A team bands together to become a symbol of New Orleans
If sports is a microcosm of life, as the aphorism goes, New Orleans couldn’t find a better metaphor for its historic blend of passion, sport and drinking than Finn McCool’s Football Club, a hardy band of ex-pats whose gritty post-Katrina determination could serve as a reminder of what has always been best and brightest about our city.
The tale of their quest for football glory and the transplantation of neighborhood football clubs from across the pond has been perfectly told in Finn McCool’s Football Club: The Birth, Death, and Resurrection of a Pub Soccer Team in the City of the Dead (Pelican Publishing), a fine book written by Irish New Orleanian Stephen Rea.
Modern sports writing of this kind has waned ever more gradually since the days of Damon Runyon to become somewhat of a rarity. In Rea’s weaving tale of real life, characters with heart and hard-hitting sport, we rediscover it. Rea, from Belfast, brings to the table an Irish lyricism, intricate wordplay, occasional gravitas and excellent humor, ultimately producing an extremely readable book that is snapshot of our city’s times.
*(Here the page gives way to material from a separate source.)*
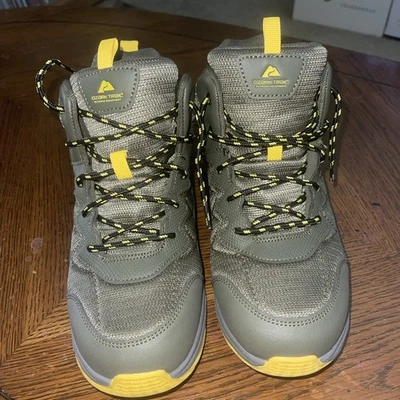 Botas de Senderismo Ozark Trail Talla 6 Para Hombre Resistentes Gris y Amarillo Apenas Usadas Foto 1 de 4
Unbeknownst to many local sports fans, another brand of organized football is beloved here in New Orleans, but it has nothing to do with the black and gold. European football, better known as soccer, is played with just as much vigor and tradition as the game on the gridiron. The Southeastern Louisiana Adult Soccer Association is a men’s recreational league whose season extends from February to May, and its epicenter is found at Finn McCool’s, a Mid-City pub.
On the walls inside, you’ll find Jax, Dixie and Regal beer trays sharing space with Celtic football club banners and championship marquees; antique rifles and Irish hurley sticks; a Celtic cross and an MRE bag—a true commingling of all things Irish and New Orleanian. Expatriates from Ireland, along with Scotland and England, gather with walk-in soccer fanatics on Saturday and Sunday mornings to enjoy the Premier League matches televised live from pitches back home, places like Glasgow, Manchester, Liverpool and London. The love of these teams—Celtic, Rangers, Chelsea, Arsenal, Man U., Everton and others—begins in the neighborhoods and the pubs, not unlike Finn McCool’s, and it runs like blood through veins all the way to the Big Easy.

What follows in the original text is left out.